Several people over the years have written to The Refiner's Fire asking for an explanation about science and the age of the earth, so, we ask that you first check out our article, Science versus the Bible. Concerning the time it takes for wood to petrify. please read Does it take millions of years to petrify wood?
Concering the time of man on earth, we learn the following from Talmud (the "Oral Torah" - which is commentary on the first five books of the Bible):
Sanhedrin, Babylonian Talmud p. 97 a.: Rabbi Kattinna said: Six thousand years shall the world exist, and one [thousand, the seventh], it shall be desolate, as it is written, And the Lord alone shall be exalted in that day. [quotation from Isaiah chapter 2 verse 11]. Rabbi Abaye said: It will be desolate two thousand as it is said, After two days will he revive us: in the third day, he will raise us up, and we shall live in his sight [quoting from the prophet Hosea chapter 6 verse 2]. Two days meaning two thousand years according to Psalms 90 verse 4.
As of this writing, we are in the Hebrew calendar year of 5780 - not really that far from the year 6000 - especially, given the fact that that some Hebrew calendar and Bible experts are suggesting there might be be some mathematical miscalculations resulting in "missing years" in the Bible.
What we can be sure of, however, is this: Judging from all the events going on in the world and specifically, in the Middle East with Israel at the center, we can be sure that Yeshua's Second Coming isn't that far off! (We know of one Hebrew and Aramaic scholar who suggests that Yeshua's Second Coming could be as close as Rosh Hashana, 2030!)

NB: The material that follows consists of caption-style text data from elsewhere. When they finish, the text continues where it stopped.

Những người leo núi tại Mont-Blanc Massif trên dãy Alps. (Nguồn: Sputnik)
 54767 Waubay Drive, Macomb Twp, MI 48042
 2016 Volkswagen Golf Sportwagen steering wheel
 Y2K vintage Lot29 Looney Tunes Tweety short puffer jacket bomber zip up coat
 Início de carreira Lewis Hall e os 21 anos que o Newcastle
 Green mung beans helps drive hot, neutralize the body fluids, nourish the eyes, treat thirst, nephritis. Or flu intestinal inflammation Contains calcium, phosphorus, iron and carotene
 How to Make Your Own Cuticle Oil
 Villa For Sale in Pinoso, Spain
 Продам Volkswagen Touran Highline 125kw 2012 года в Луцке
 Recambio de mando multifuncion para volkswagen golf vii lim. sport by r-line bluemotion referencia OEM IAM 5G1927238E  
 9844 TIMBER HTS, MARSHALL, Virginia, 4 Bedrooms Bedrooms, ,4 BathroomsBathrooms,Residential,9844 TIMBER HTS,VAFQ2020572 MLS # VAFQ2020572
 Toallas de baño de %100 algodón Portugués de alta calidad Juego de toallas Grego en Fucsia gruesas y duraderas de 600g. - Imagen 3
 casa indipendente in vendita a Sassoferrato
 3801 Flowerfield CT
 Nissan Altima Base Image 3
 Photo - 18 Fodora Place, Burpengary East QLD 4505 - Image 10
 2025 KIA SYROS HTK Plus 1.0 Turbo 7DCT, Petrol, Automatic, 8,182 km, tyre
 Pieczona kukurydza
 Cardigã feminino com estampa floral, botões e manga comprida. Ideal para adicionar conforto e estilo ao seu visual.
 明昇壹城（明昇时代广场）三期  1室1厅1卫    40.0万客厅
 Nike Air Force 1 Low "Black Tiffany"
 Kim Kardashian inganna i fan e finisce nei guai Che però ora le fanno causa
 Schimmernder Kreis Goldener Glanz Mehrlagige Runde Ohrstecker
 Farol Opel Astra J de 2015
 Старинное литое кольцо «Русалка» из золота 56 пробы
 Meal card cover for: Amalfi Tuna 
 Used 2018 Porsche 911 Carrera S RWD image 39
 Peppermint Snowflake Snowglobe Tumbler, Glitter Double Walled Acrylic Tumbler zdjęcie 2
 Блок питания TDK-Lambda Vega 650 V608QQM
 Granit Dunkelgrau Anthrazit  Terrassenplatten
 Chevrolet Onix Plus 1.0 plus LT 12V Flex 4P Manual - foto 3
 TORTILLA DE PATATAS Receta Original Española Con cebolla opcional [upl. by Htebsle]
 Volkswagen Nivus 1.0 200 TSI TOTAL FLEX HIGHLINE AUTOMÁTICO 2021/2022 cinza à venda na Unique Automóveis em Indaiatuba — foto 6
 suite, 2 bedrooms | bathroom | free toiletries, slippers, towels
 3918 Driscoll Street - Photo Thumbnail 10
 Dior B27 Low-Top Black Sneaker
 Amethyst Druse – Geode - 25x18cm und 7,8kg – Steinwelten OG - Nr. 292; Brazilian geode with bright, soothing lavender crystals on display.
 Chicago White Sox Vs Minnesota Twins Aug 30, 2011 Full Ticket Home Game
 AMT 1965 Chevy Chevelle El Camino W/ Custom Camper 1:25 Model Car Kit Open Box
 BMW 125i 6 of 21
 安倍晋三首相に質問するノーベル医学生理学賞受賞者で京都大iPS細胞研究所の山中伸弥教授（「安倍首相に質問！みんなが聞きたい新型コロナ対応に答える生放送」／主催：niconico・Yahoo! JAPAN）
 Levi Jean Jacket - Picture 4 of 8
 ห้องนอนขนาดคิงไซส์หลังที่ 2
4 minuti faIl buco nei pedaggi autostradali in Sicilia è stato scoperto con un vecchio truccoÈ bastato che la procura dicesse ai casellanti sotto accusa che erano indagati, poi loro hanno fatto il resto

What we must realize is, YHWH's Feasts - His Appointed Times - reflect many major biblical events. Yeshua has so far fulfilled the first four of the seven and the next one to be fulfilled is Rosh Hashana, the Feast of Trumpets - the day when YHWH calls His people together....Sounds an awful lot like the "rapture" will occur on a Feast of Trumpets....
The above concepts are very deep and requires us to have some understanding of God from the Hebrew, as opposed to the Greek mindset.